For two, you will need:
2 pieces of monkfish, 2 of cod or hake (as much as you will eat)
1 large handful of clams, scrubbed and broken ones discarded
1L home-made or best quality bought fish stock 6 cloves of garlic
6 baby leeks, whites and greens separated
10 cherry tomatoes, halved
3 tbsl of olive oil
1 bouquet garni, bay, basil, thyme, oregano
1 bulb of fennel, stalks removed, finely sliced
8 saffron strands, crushed to dust with the back of a spoon
salt and Cayenne pepper
parsely, finely chopped (for garnish)
Crusty bread (for mopping up)
Marinade the fish pieces:
First take the fish fillets and marinade them with 2 finely diced onions, the crushed saffron strands and 3 garlic cloves for at least one hour in the fridge.
For the fish base:
If you like you can make the base or bouillabaisse from your own fish carcasses, heads tails, the lot, chopped and boiled. For the fish stock base you will need almost a kilo of fish waste placed in a large lidded pot with 1L of water, a large handful of the dark green leaves of the leek, saving the white parts for the finished soup. Add 1 bay leaf, 1 chopped onion, 3 garlic cloves.

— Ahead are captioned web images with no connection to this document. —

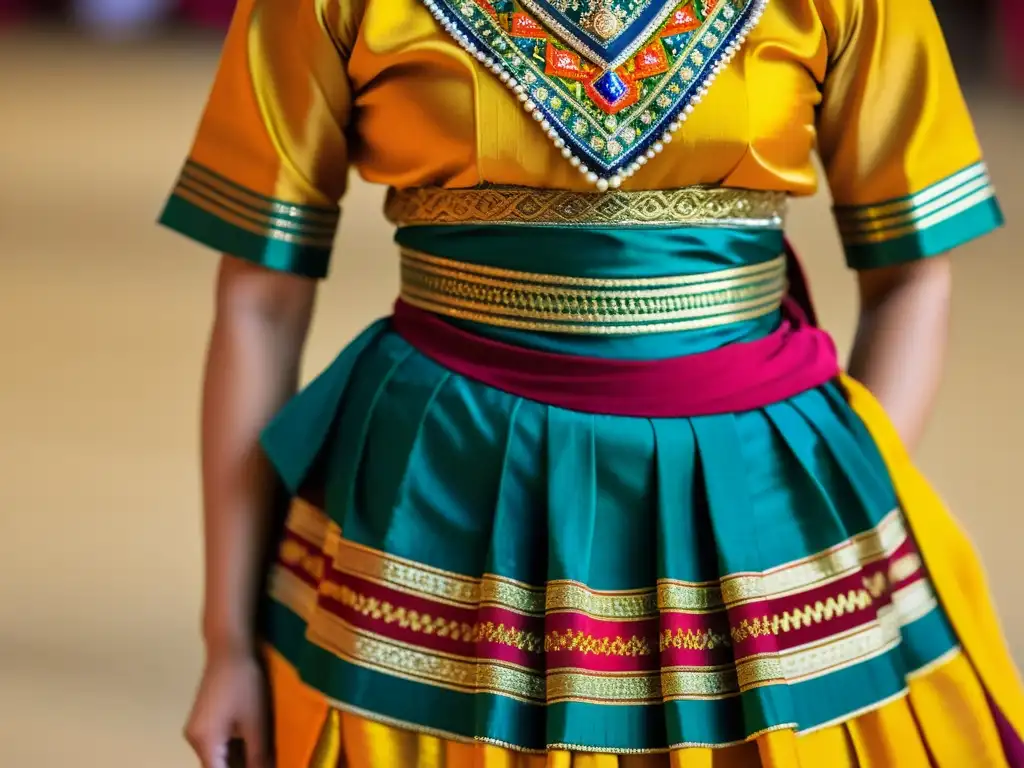 Detalles intrincados del traje de danza laosiano: colores vibrantes, bordados a mano y significado cultural capturado en alta resolución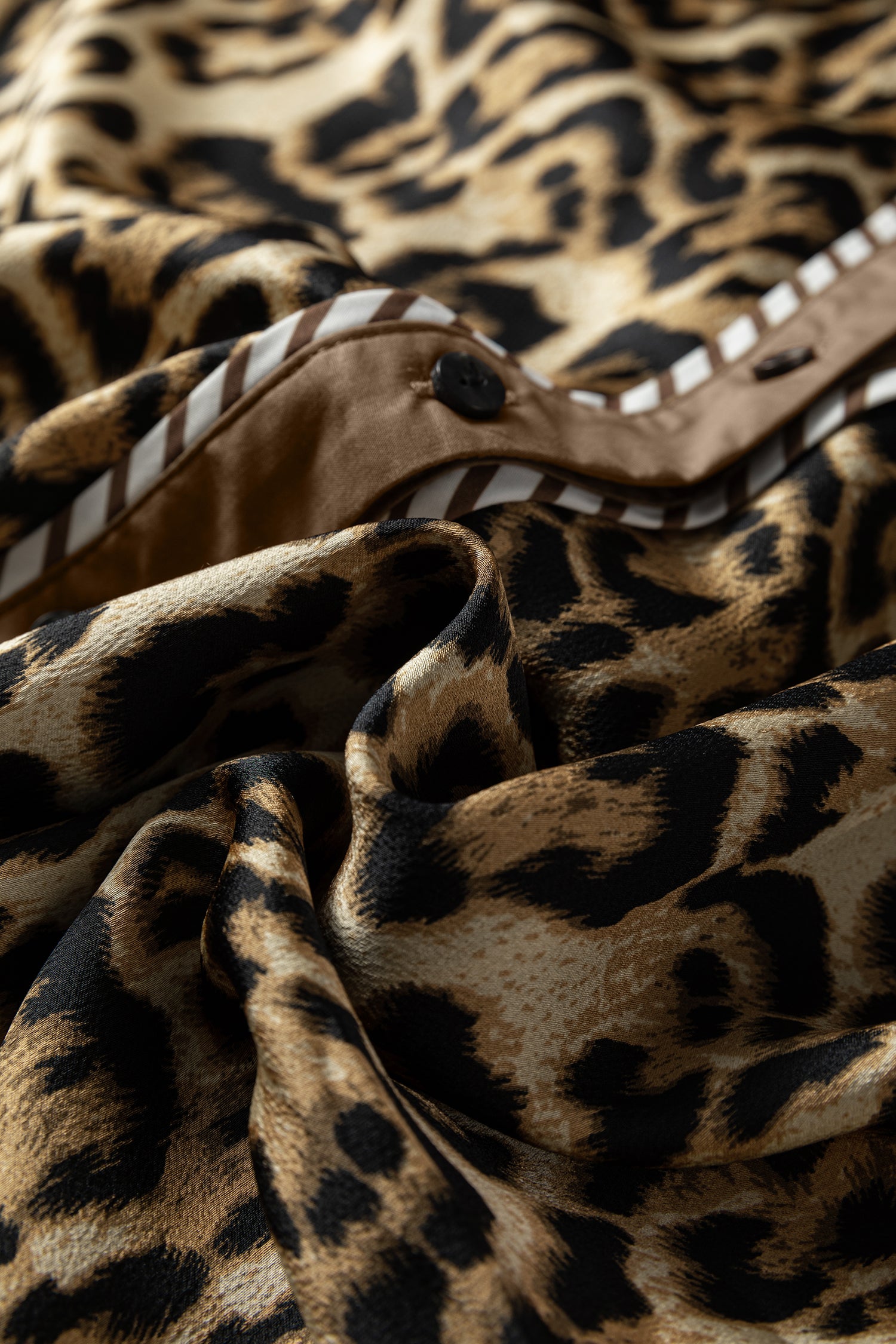 Brown Leopard Collared 3/4 Sleeve Shirt and Loose Pants Two Piece Outfit Set-Two Piece Sets/Pant Sets-[Adult]-[Female]-2022 Online Blue Zone Planet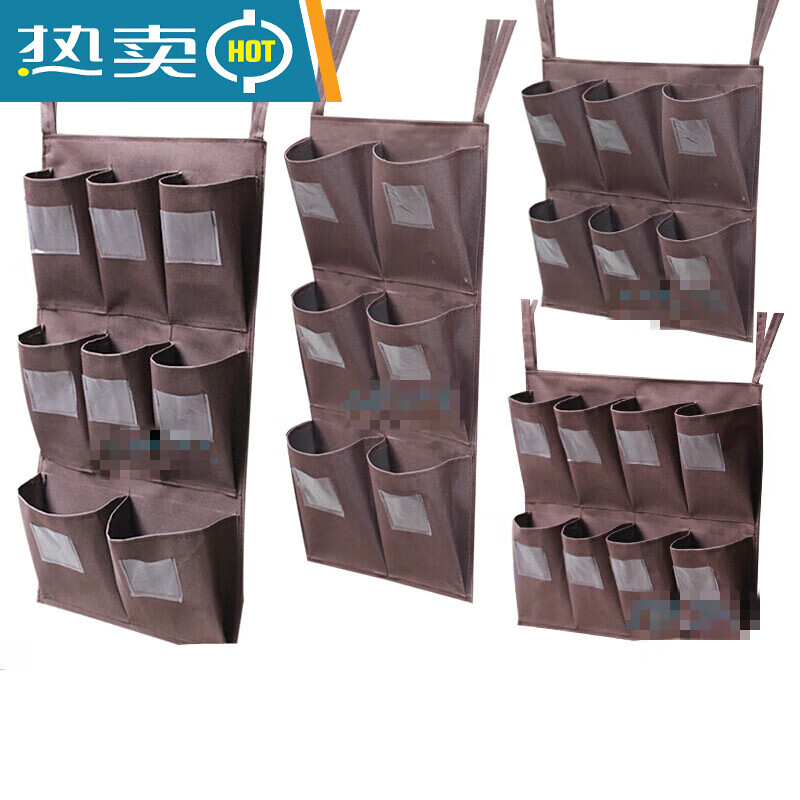 Shop guest room work cart rag bag hanging bag cleaning cart linen cart tool distinction towel storage classification five colors vertical 6 small bags rag bags one row two three rows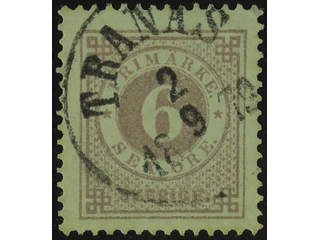 Sweden. Facit 31b used , 6 öre reddish lilac. Superb cancellations TRANÅS 2.9.1879.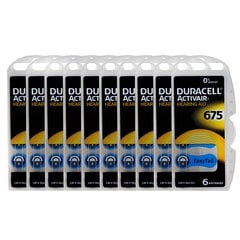 Duracell ActivAir 675 (PR44) kuuldeaparaadi patareid 10x6 tk, 60 tk. hind ja info | Patareid | kaup24.ee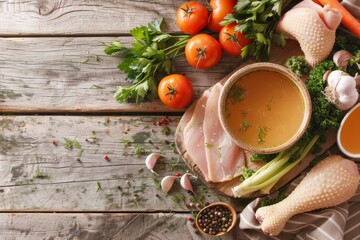 Wall Mural - Country style chicken broth with table ingredients overhead homemade view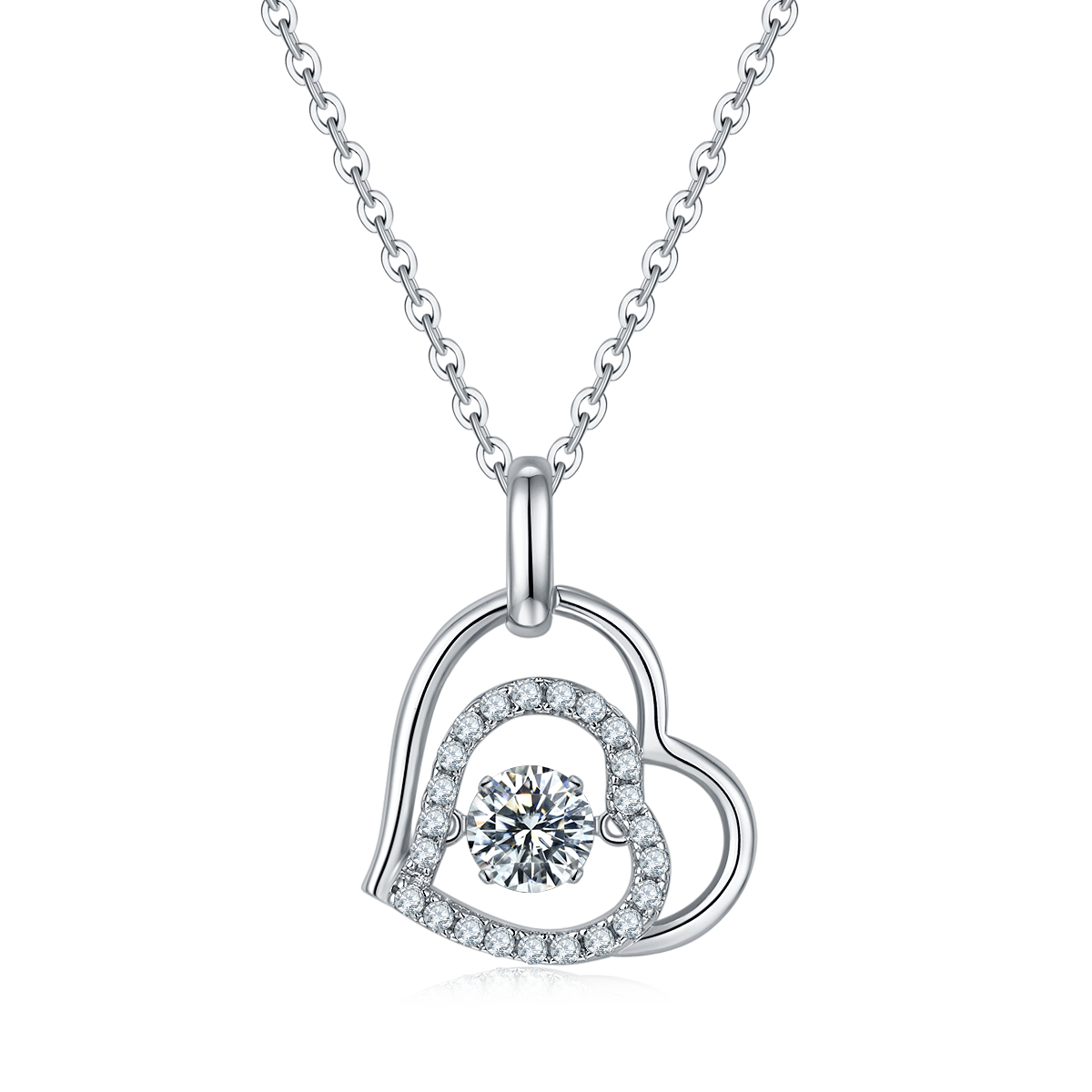 S925 Sterling Silver 0.5ct D Color VVS1 Moissanite Interlocking Heart Necklace 45cm Platinum Plated GRA Certified Gift Box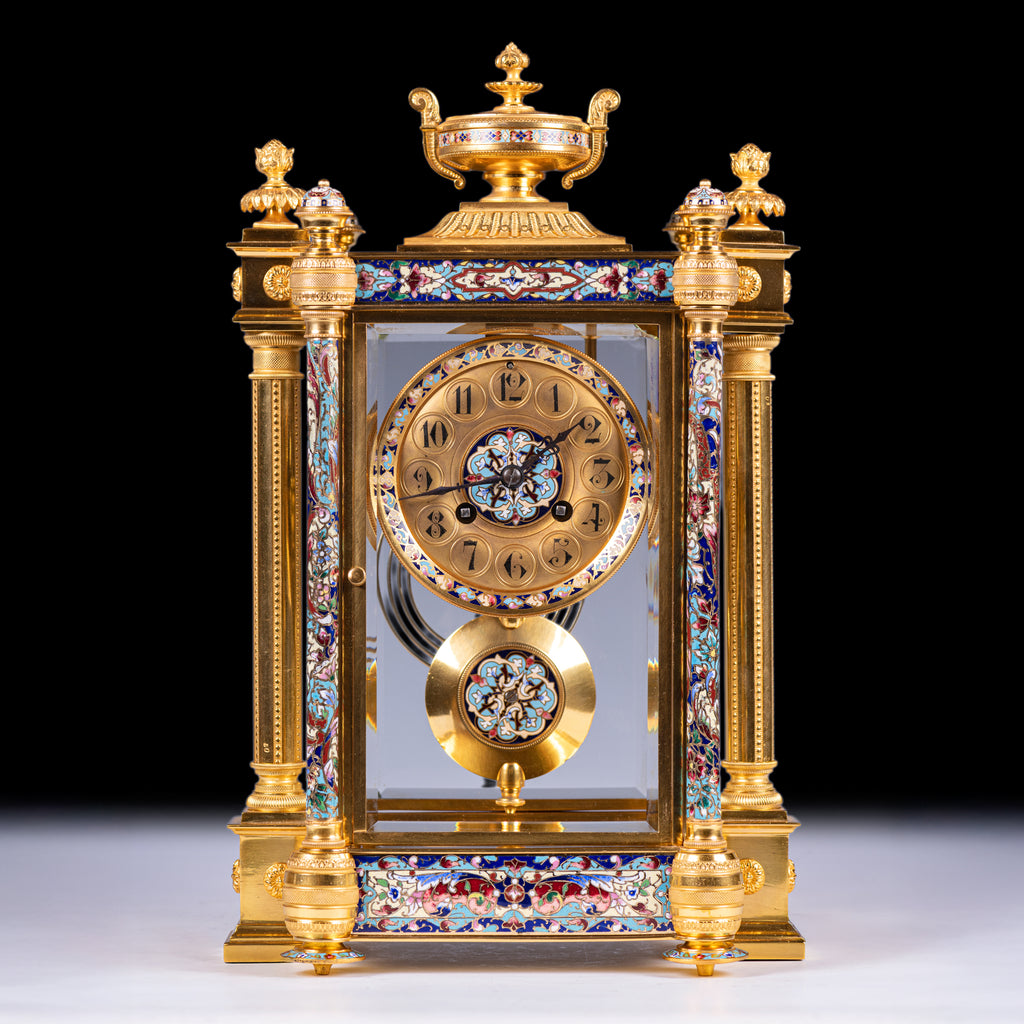 GILT BRONZE & CHAMPLEVE ENAMEL MANTLE CLOCK - REF No. 147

Boil for approximaltely 35 minutes covered. Sieve, taste, season as necessary and set the liquid aside.
Alternatively boil 1L of fish stock with the onion, garlic and greens and taste for seasoning (it may not need salt). I found a really good fish stock recently which I have now come to rely on a lot! It comes in 500ml glass jars so for this soup I used 2.
For the main body of the soup:
Finely slice the whites and a little green of the leeks - I used baby leeks for their soft skin, fennel, the cherry tomatoes, and two cloves of garlic, finely sliced. Sautee them in some oil for five minutes until the leeks are bright green. Add the marinated fish pieces and cook slowly for another five minutes. The cooking of the fish depends on the different varieties and size of the pieces - obviously those taking longest should go in first and thus have a longer cooking time. Slowly ladle in the hot fish stock onto the fish and vegetables and simmer slowly until the fish is cooked through - this should only take 5 minutes.
In a separate saucepan, bring a ladleful of the stock to the boil and add the clams. Cook for two minutes with a lid on until all the clams have opened.
Carefully with a slotted spoon, place the fish into a serving bowl and ladle over the soup and the clams. Sprinkle with parsley and serve with sliced of bread for mopping up the juices.